* **Entries shown**:

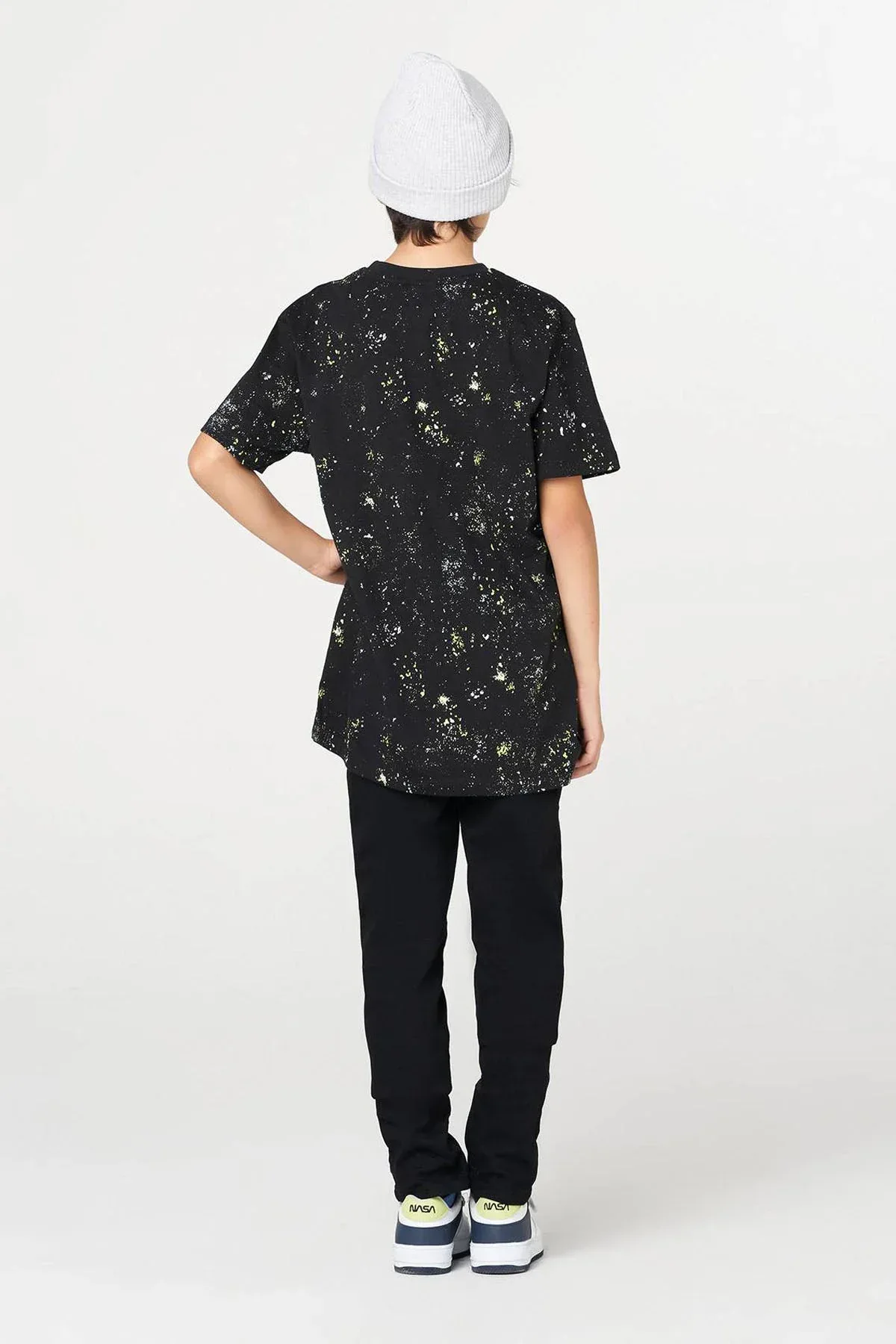 SPATTERED TYPOGRAPHY T-SHIRT FOR BOYS - BLACK - Image 4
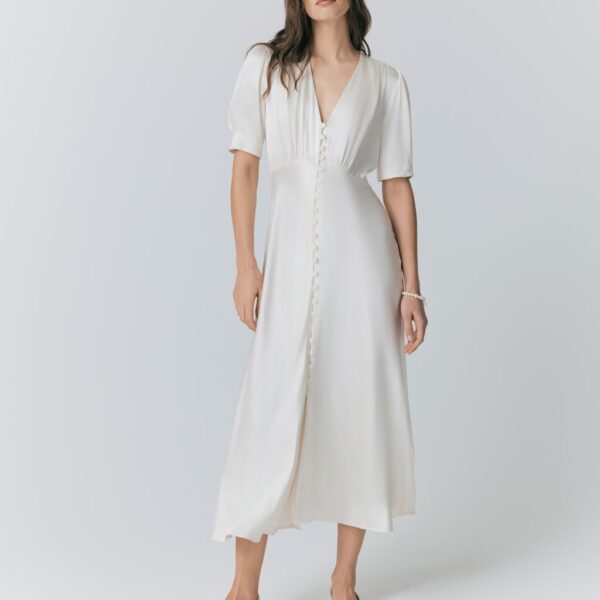 Ghost Satin V-Neck Button Through Midaxi Tea Dress Ivory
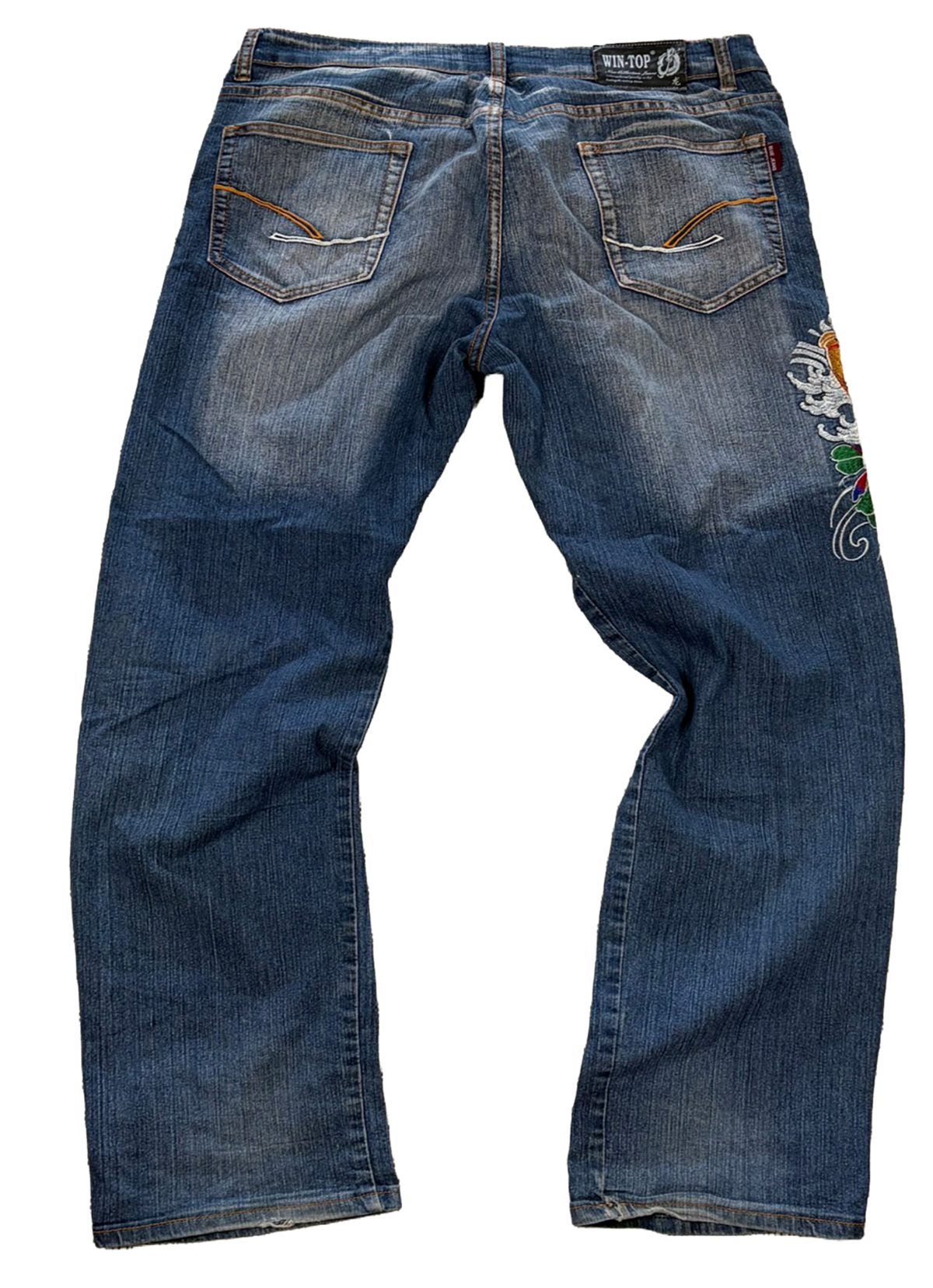 Win-Top Dragon Koi Embroidered Jeans Blue | 3L
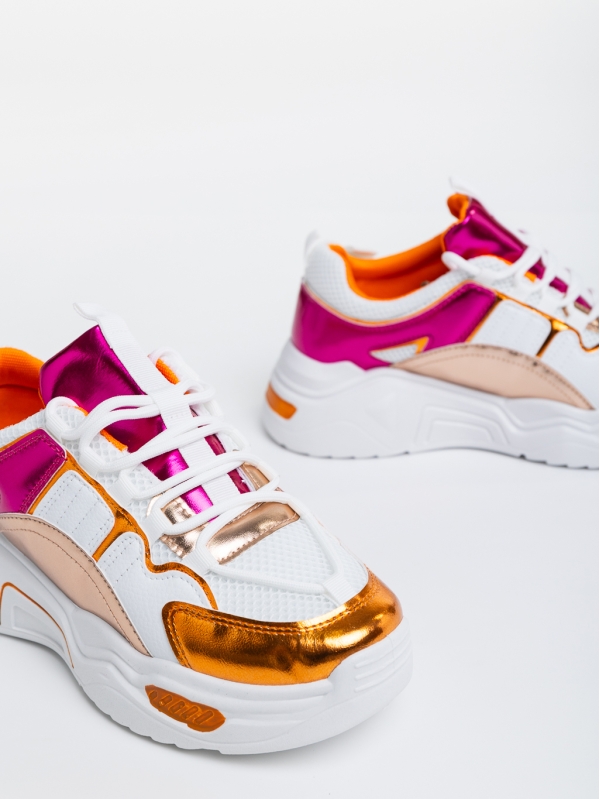 Γυναικεία αθλητικά παπούτσια πορτοκαλί από οικολογικό δέρμα και ύφασμα Reena, 8 - Kalapod.gr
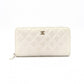 CHANEL Matelassé Long Wallet, Caviar Leather, White with Gold Hardware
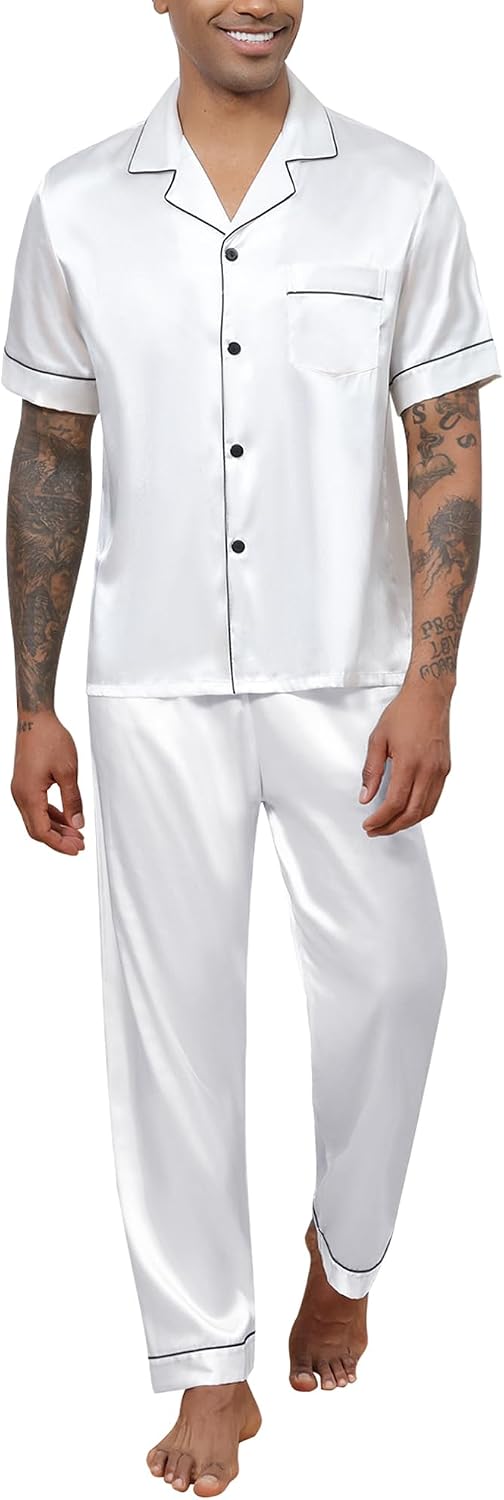 SWOMOG Women's Silk Satin Pajama Set – Short Sleeve, Button-Down Top & Comfy Shorts | Perfect Sleepwear & Lounge Set - View #10
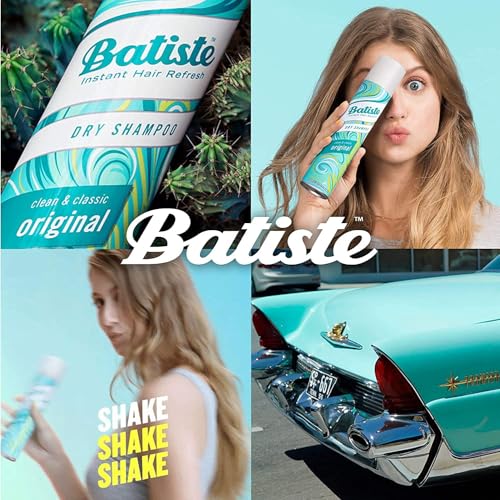 Batiste Dry Shampoo, Original Fragrance, Refresh Hair and Absorb Oil Between Washes, Waterless Shampoo for Added Hair Texture and Body, 6.73 OZ Dry Shampoo Bottle, 3 Pack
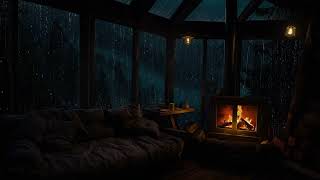 Warm Cabin Nights with Rain and Fireplace | Soothing Sounds for Sleep and Inner Peace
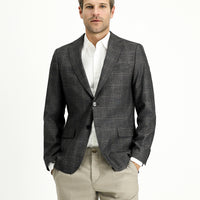 Orta Antrasit Regular Fit Ekose Ceket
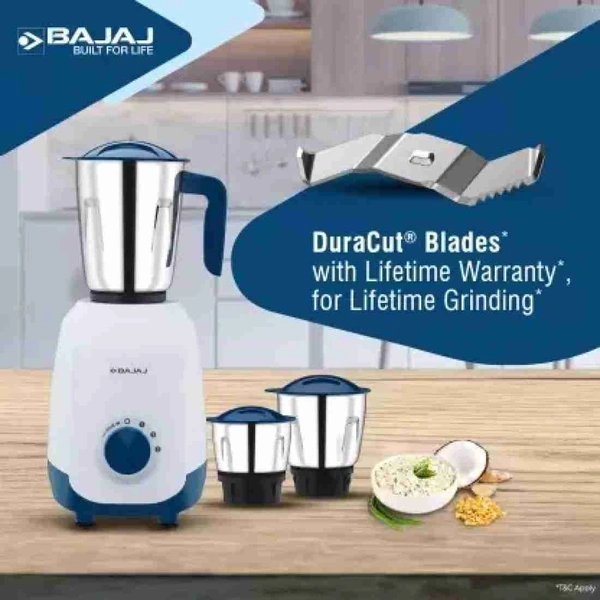Bajaj Ninja Series Notch Mixer Grinder 3 Jar 500w French Blue Colour 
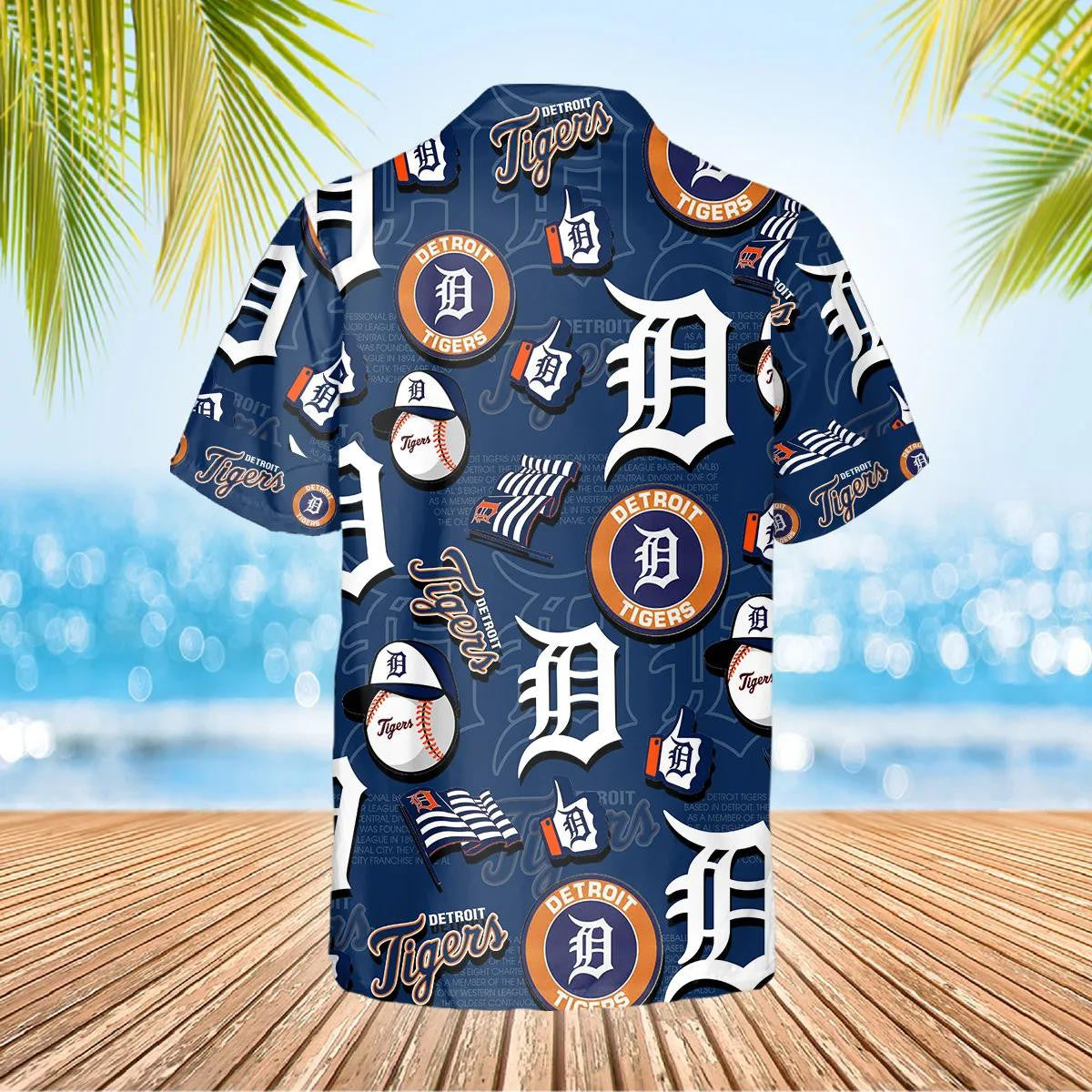 Detroit Tigers Blue Icon Collage Hawaiian Shirt - Welcome to 2 Aloha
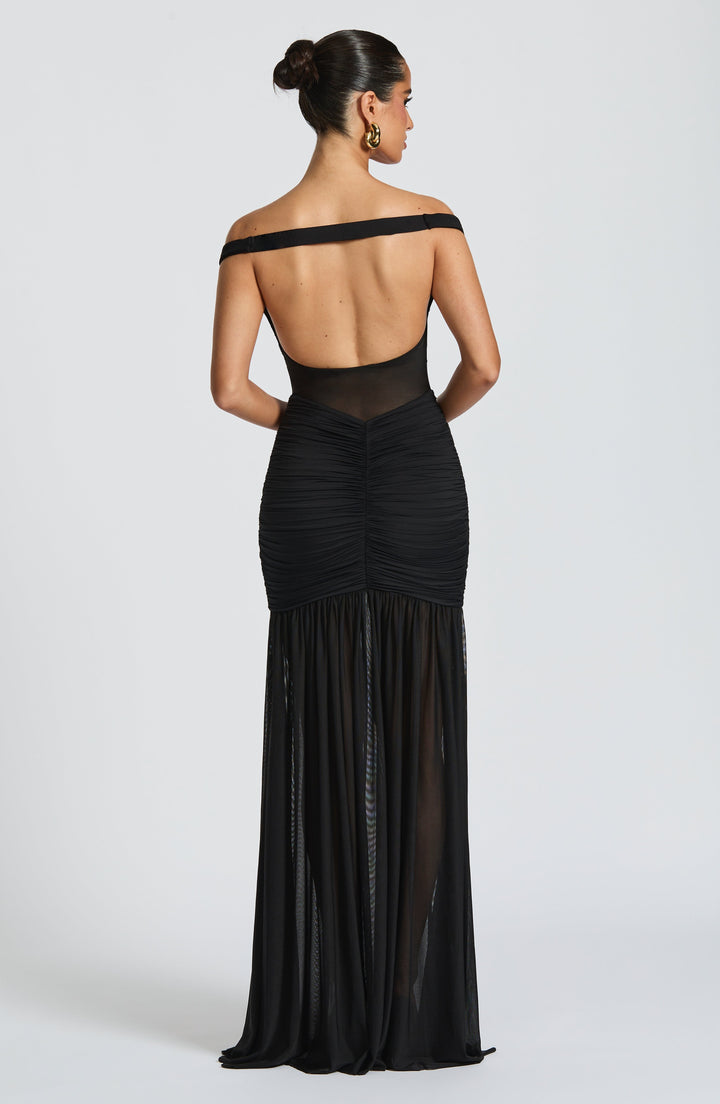 Sylarine – Bardotjurk met sheer details en split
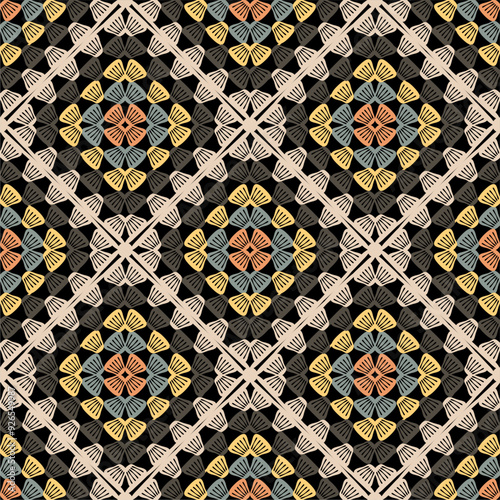 Pattern with crochet granny square wallpaper handmade decorative art design print 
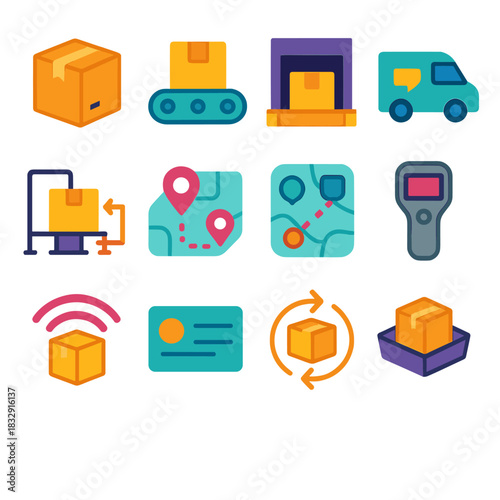 Logistics Icons Collection. Logistics Systems flat icon set: shipment box, conveyor belt, loading dock, delivery van, cross-dock layout, routing map, scanner device, fulfillment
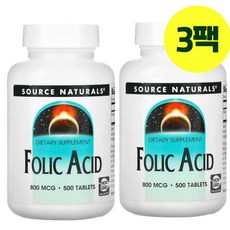 [2+1] 엽산 800mcg 500정 3팩 임산부 임신준비 남자엽산 소스내추럴스, 1개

* **Instructions for the task**:
Leave the pictures out and output all of the data verbatim.

* **Written response**:
 SPATTERED TYPOGRAPHY T-SHIRT FOR BOYS - BLACK - Image 4
 Ghost Satin V-Neck Button Through Midaxi Tea Dress Ivory
 Win-Top Dragon Koi Embroidered Jeans Blue | 3L
 Γυναικεία αθλητικά παπούτσια πορτοκαλί από οικολογικό δέρμα και ύφασμα Reena, 8 - Kalapod.gr
 CHANEL Matelassé Long Wallet, Caviar Leather, White with Gold Hardware
 SWOMOG Women's Silk Satin Pajama Set – Short Sleeve, Button-Down Top & Comfy Shorts | Perfect Sleepwear & Lounge Set - View #10
 Batiste Dry Shampoo, Original Fragrance, Refresh Hair and Absorb Oil Between Washes, Waterless Shampoo for Added Hair Texture and Body, 6.73 OZ Dry Shampoo Bottle, 3 Pack
 Warm Cabin Nights with Rain and Fireplace | Soothing Sounds for Sleep and Inner Peace
 Orta Antrasit Regular Fit Ekose Ceket
Bajaj Ninja Series Notch Mixer Grinder 3 Jar 500w French Blue Colour 
 Detroit Tigers Blue Icon Collage Hawaiian Shirt - Welcome to 2 Aloha
 Sylarine – Bardotjurk met sheer details en split
 Pattern with crochet granny square wallpaper handmade decorative art design print 
 Logistics Icons Collection. Logistics Systems flat icon set: shipment box, conveyor belt, loading dock, delivery van, cross-dock layout, routing map, scanner device, fulfillment
 [2+1] 엽산 800mcg 500정 3팩 임산부 임신준비 남자엽산 소스내추럴스, 1개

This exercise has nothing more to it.